Thank you for your help,
Dave
use nodupkey with sort while you keep only data that matter that could help you.
data test ;
input specie $ ID Gender $ Biopsy_letter $ Step;
cards;
G 122 M A 1
G 122 M A 2
G 122 M A 3
G 122 M A 4
G 132 F A 1
G 132 F A 2
G 132 F A 3
G 132 F A 4
S 546 F A 1
S 546 F A 2
S 546 F A 3
S 546 F A 4
S 546 F B 1
S 546 F B 2
S 546 F B 3
S 546 F B 4
;
run;
proc sort data=test(keep=specie ID Gender) out=new nodupkey ;
by specie ID Gender ;
run ;
proc freq ;
tables specie*gender ;
run ;
What do you want the output to look like? It sounds like proc freq and/or tabulate you want, but without an example of input/output data its hard to say.
Reeza,
The table produced by proc freq would be fine. So rows would be specie (goat of sheep) and columns would be number of females, intact males, and castrated males. the cells of the table would then tell me the number or proportion of each specie*gender pairing. Only trouble is the GLM format of the imported data over represents each animal with too many rows. I'm working on the transformed dataset now (it always takes me a while to figure out how to do this) but I was wondering if there was a more elegant procedure or command within proc freq that might allow me to identify subjects.
Hope that answers your question.
Dave
use nodupkey with sort while you keep only data that matter that could help you.
data test ;
input specie $ ID Gender $ Biopsy_letter $ Step;
cards;
G 122 M A 1
G 122 M A 2
G 122 M A 3
G 122 M A 4
G 132 F A 1
G 132 F A 2
G 132 F A 3
G 132 F A 4
S 546 F A 1
S 546 F A 2
S 546 F A 3
S 546 F A 4
S 546 F B 1
S 546 F B 2
S 546 F B 3
S 546 F B 4
;
run;
proc sort data=test(keep=specie ID Gender) out=new nodupkey ;
by specie ID Gender ;
run ;
proc freq ;
tables specie*gender ;
run ;
I was unfamiliar with 'nodupkey' but it works very well.

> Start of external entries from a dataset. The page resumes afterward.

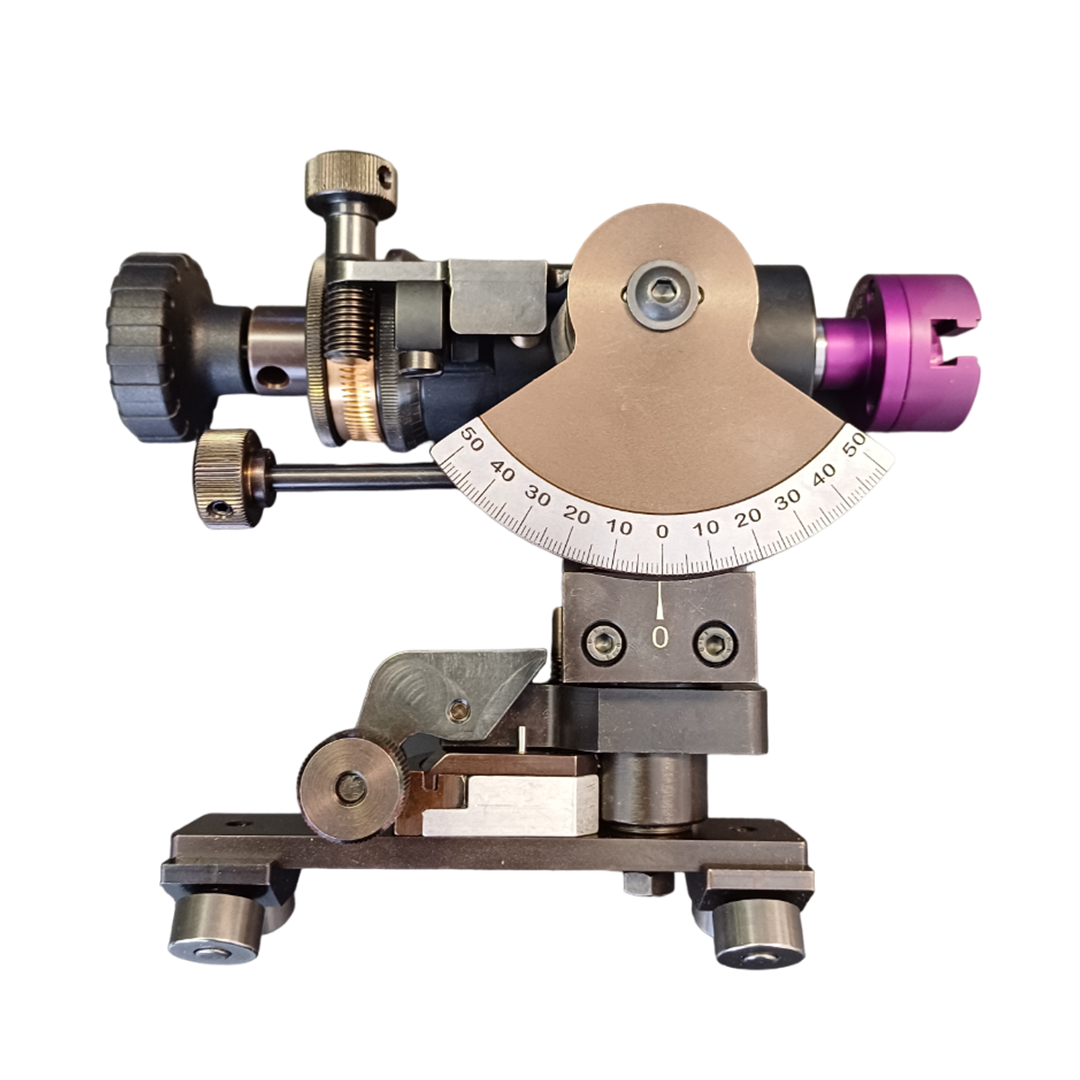 40419 D </BR>Chariot de lapidage à crémaillère 45° avec dispositif de serrage pour mandrin
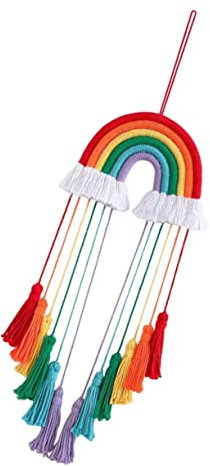 OUNONA Gewebter Hängedekor Regenbogen Anhänger Zarte Wanddeko Regenbogenfarben Indoor Schmücken Für Schlafzimmer Fenster Dekoration Mit Quaste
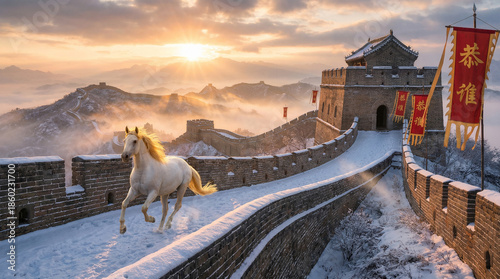 White Horse Running on Grea...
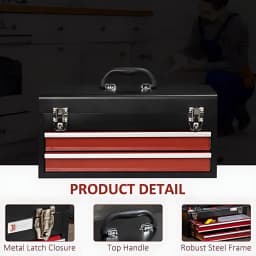 3 Layers Multifunctional Thickened Metal Tool Box Household Hardware Tools Box Lockable Tool Cabinet Portable Storage, Red+Black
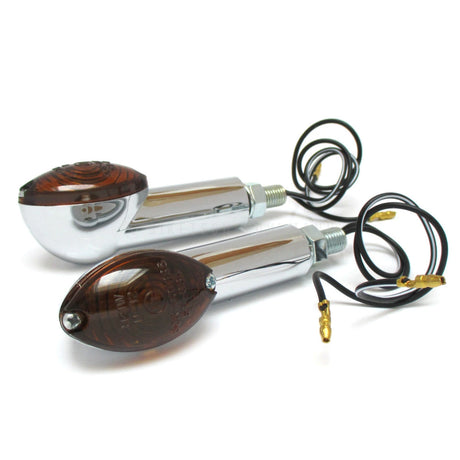Mini Blinker Shin-Yo Cat-Eye, Chrom, Getönt, Langer Arm, E-geprüft, 12V 21W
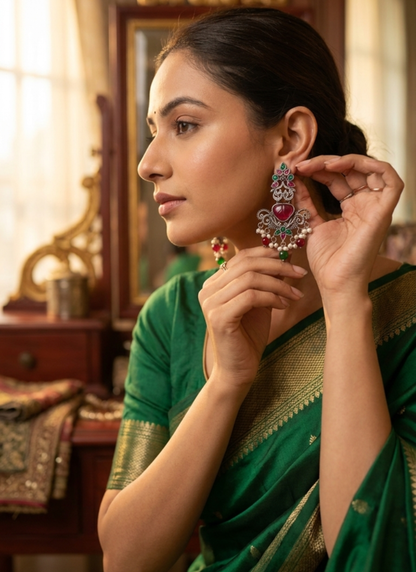 Seevee Fashion Oxidised Plated Pota Stone Dangler Earrings for Women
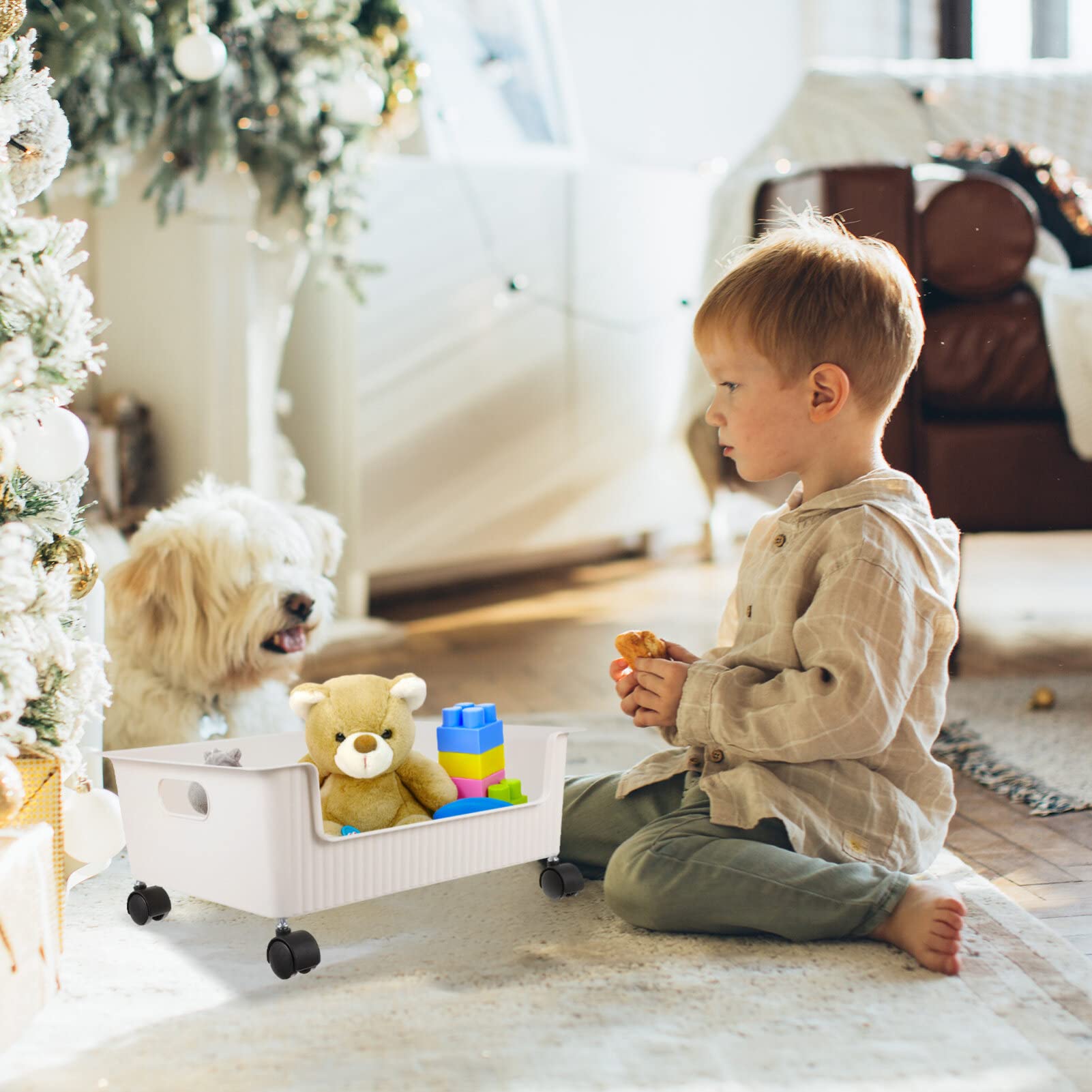 Cabilock storage box with pulleys utility rolling cart book storage bin with wheel kid bookcase book children books Toy Storage Organizer storage rack student with wheels plastic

Thank you for the suggestion.
Dave
One way, get one record per animal then report.
Proc sql;
create table want as
select distinct specie, id, gender
from have;
quit;
proc tabulate data=have;
class specie, gender;
table specie, gender*n;
run;
Thank you. I'm not familiar with Proc SQL but was successful in applying your code. I did need to remove the comma in the class statement of Proc Tabulate. Other than that, this solution worked great. Thank you,
Dave
If there's an easy way to know the first record of each animal you could filter on that,
i.e. if the first record of every animal was biopsy A and step =1
proc freq data=have;
where biopsy='A' and step=1;
table species*gender;
run;
Otherwise you'll have to use one of the suggestions above.